We should use alternatives to statistical testing when they more directly address our concerns. If we are interested in the precision of our numbers, how close our 3.86 is to the true population purchase intent, we should calculate confidence intervals. The results will tell us that a certain percentage of the time, the true value will be in a given range. For example, that 95 percent of the time the population mean will be in the range 3.66 to 4.06.

If our concern is whether a difference is "meaningful," a measure of association such as eta-squared (h2) is appropriate. These statistics tell us what proportion of the total variance is explained by our manipulation. For example, if we obtained a value of .37 in a test of purchase intent for two products, it tells us that 37 percent of variability in purchase intent can be explained by which product was being evaluated. This is quite large. On the other hand, if we obtained a value of .01, it tells us that only 1 percent of variability in purchase intent can be explained by which product is being tested. Large sample sizes make it quite possible to achieve statistical significance with eta-squared values this low or lower.

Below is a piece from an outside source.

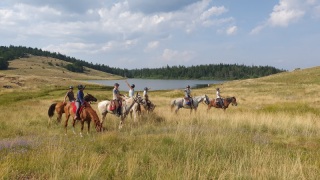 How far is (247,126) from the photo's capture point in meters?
14.6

Statistical testing has its place in marketing research, but its proper role is smaller than the role it currently plays. The somewhat convoluted logic of null hypothesis testing fails to provide answers to the questions which interest researchers the most. Failure to understand what these tests really tell us can lead to incorrect and perhaps costly errors in decision making, and can keep us from using the statistics which might provide more meaningful interpretations of our results.